The recovery faces headwinds that are the legacy of the housing and financial crises. For example, consumer spending has remained moderate due to an ongoing restructuring of balance sheets, modest income growth, a heavy reliance on transfer payments and an erosion in consumer confidence.

Manufacturing, which is a relatively small component of the economy, has led the recovery. The much larger service sector has lagged manufacturing but is beginning to catch up. Because it accounts for more than 80% of GDP, the trajectory of the recovery going forward will depend heavily upon the service sector.

Inflation has been decelerating since early this year. The bifurcated nature of economic activity is reflected in the inflation data, with the commodity components of CPI up 3.7%, while service components are up 0.9%. The ongoing distress in the housing sector has also left an imprint, with the housing components of inflation indexes contributing significantly to the deceleration in inflation.

The recovery also faces downside risks at home and overseas. The crisis in Europe has shaken financial markets and increased the probability that the euro will decline toward parity with the dollar. Domestically, the housing sector is struggling to stabilize even as the market attempts to absorb a large inventory of foreclosed properties. State and local governments remain in severe fiscal distress.

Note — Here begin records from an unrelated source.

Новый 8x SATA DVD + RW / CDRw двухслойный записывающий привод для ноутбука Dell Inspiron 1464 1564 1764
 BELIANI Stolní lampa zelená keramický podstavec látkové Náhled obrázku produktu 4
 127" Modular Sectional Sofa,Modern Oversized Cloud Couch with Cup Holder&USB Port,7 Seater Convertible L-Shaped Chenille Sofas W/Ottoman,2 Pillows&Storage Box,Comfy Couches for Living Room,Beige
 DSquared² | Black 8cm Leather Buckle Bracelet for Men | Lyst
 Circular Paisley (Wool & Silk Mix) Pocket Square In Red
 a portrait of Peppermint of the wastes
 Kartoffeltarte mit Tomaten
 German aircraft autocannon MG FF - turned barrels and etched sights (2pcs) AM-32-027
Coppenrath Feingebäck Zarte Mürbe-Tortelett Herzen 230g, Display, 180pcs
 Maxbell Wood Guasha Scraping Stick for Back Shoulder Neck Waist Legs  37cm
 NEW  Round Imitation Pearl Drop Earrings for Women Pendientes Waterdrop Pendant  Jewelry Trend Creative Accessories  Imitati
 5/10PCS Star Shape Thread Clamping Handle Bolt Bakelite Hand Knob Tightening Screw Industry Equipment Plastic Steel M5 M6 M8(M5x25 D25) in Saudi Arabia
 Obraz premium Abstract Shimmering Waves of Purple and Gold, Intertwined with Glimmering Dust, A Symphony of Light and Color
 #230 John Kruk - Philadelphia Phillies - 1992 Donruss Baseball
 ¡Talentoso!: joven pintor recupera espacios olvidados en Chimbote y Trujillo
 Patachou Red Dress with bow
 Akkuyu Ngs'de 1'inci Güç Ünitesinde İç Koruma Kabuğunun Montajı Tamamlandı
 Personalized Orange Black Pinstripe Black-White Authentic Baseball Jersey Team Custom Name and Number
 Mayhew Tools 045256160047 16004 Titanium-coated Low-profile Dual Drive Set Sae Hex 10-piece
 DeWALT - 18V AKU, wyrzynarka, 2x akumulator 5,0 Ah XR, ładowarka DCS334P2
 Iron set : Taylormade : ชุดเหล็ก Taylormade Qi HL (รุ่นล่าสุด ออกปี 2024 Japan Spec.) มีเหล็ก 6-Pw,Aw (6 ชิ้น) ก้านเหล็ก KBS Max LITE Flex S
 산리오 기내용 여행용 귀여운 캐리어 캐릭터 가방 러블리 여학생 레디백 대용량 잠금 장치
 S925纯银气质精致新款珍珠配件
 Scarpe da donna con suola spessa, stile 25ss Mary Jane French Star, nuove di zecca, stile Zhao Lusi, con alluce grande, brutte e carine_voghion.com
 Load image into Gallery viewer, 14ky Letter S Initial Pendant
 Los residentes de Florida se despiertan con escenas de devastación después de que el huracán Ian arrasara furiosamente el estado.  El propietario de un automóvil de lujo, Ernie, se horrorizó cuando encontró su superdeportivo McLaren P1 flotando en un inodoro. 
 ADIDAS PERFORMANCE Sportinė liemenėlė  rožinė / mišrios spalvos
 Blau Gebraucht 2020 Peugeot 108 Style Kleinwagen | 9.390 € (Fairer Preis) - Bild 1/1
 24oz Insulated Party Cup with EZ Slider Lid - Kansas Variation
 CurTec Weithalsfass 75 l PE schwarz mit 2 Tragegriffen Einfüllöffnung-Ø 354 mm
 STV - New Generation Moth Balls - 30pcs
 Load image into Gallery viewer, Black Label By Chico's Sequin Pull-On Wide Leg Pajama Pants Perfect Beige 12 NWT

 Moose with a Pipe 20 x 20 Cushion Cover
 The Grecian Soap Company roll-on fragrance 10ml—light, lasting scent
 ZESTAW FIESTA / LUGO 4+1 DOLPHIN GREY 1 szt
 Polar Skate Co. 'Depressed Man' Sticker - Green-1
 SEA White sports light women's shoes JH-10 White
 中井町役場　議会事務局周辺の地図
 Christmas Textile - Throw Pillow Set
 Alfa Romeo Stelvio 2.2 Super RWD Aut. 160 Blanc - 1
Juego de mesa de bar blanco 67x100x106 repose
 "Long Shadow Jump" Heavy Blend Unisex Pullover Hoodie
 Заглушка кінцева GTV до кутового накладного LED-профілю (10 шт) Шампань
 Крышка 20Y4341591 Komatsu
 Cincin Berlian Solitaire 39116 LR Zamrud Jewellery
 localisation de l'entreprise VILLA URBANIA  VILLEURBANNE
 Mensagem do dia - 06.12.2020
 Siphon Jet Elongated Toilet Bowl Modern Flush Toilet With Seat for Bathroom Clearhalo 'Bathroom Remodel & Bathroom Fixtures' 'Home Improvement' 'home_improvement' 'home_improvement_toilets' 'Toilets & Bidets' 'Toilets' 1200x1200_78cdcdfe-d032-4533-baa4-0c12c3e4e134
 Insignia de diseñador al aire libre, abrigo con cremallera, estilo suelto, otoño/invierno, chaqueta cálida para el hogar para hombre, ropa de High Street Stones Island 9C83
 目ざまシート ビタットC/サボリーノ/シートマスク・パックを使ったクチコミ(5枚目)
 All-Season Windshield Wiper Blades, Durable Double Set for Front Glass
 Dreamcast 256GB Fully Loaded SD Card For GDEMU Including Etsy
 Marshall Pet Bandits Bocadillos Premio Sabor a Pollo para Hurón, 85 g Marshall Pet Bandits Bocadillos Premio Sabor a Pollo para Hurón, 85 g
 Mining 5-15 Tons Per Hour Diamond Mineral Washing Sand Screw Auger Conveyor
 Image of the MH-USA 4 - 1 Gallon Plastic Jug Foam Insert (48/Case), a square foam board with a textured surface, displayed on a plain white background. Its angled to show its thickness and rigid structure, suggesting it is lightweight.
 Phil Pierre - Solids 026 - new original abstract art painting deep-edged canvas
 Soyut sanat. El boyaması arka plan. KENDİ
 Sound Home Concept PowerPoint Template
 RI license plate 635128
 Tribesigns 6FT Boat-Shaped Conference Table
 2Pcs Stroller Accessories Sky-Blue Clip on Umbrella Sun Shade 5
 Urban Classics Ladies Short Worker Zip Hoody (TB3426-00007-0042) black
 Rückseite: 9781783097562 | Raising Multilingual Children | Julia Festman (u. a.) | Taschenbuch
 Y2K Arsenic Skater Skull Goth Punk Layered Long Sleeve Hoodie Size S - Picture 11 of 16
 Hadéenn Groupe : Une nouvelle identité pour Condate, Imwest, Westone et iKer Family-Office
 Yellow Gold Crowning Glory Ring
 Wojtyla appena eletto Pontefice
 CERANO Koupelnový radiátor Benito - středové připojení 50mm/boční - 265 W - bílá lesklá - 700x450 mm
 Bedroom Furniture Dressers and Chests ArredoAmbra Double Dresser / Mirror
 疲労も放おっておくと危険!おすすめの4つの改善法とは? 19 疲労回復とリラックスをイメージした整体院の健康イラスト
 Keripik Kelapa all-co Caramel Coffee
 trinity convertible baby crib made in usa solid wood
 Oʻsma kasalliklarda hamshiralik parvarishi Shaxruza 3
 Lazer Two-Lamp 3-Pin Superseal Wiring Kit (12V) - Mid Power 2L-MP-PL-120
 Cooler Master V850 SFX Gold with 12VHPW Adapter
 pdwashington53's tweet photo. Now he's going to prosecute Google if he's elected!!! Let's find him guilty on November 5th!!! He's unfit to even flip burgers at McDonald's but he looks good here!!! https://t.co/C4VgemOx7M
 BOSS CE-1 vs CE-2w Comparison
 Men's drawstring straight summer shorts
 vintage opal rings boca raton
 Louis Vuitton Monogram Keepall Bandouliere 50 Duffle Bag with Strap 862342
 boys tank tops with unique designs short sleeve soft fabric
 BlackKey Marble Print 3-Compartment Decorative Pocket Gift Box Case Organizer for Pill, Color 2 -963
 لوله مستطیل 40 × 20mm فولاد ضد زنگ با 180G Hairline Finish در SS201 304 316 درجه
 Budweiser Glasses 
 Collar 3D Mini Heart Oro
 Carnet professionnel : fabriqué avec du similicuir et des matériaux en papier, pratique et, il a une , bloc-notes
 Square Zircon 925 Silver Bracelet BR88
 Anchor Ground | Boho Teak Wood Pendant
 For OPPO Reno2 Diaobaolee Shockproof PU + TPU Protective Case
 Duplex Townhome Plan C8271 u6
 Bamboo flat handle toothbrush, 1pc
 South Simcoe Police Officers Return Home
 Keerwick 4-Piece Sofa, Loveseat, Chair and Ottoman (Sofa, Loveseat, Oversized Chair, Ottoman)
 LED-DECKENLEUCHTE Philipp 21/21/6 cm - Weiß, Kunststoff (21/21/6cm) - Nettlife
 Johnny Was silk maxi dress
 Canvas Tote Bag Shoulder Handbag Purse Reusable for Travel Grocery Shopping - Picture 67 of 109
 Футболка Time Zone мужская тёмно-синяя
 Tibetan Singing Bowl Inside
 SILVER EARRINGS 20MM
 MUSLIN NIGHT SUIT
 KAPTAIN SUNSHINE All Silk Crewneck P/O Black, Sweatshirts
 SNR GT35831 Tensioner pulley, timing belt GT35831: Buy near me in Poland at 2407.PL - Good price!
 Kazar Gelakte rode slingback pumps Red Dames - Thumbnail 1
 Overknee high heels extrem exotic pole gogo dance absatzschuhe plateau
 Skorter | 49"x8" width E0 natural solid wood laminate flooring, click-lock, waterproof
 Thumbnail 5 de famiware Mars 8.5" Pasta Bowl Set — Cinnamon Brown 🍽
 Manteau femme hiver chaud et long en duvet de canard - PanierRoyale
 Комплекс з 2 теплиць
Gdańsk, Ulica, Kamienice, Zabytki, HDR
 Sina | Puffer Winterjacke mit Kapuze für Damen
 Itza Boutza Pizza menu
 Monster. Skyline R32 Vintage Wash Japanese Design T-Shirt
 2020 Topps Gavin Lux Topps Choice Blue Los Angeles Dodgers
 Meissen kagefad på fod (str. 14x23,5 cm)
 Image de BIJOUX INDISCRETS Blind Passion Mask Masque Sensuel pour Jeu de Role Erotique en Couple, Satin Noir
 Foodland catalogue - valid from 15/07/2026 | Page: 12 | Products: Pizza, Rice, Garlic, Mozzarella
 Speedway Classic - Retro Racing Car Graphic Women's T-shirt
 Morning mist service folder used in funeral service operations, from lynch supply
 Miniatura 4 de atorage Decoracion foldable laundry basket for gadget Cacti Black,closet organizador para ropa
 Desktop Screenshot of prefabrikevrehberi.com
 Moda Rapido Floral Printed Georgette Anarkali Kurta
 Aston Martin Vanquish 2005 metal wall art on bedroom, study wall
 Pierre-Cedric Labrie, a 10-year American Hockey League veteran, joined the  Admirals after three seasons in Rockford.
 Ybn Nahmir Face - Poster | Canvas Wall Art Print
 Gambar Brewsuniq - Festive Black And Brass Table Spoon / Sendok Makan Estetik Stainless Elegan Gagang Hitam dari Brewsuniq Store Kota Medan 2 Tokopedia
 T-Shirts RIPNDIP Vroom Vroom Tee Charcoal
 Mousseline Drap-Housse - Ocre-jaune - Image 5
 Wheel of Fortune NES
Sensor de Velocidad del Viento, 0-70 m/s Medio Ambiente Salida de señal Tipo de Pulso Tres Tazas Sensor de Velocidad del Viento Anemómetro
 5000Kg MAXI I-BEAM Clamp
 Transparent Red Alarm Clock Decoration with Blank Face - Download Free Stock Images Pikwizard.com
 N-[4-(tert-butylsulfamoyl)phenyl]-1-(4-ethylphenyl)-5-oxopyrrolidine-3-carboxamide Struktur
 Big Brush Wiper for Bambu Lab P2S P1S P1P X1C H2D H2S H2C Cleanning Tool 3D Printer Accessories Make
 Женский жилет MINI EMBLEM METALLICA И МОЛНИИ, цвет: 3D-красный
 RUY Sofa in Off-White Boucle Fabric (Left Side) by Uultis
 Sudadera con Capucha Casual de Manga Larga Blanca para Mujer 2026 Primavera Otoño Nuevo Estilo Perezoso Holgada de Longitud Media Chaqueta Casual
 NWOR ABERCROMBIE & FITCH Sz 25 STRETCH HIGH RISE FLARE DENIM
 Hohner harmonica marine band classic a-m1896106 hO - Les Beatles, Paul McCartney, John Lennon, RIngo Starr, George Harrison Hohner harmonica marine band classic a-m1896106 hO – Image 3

Fortunately, monetary policy has been extremely accommodative. Since the crisis, the Fed has complemented its interest rate policy with active management of its balance sheet. In addition to maintaining the fed funds rate near zero, the Fed's purchases of $1.75 trillion of Treasury, agency and mortgage-backed securities contributed to the current low interest rates and liquefied the banking system by expanding excess reserves. Were the economy to deteriorate, the Fed would not be able to push the funds rate below zero, but it could again expand its balance sheet by buying more assets.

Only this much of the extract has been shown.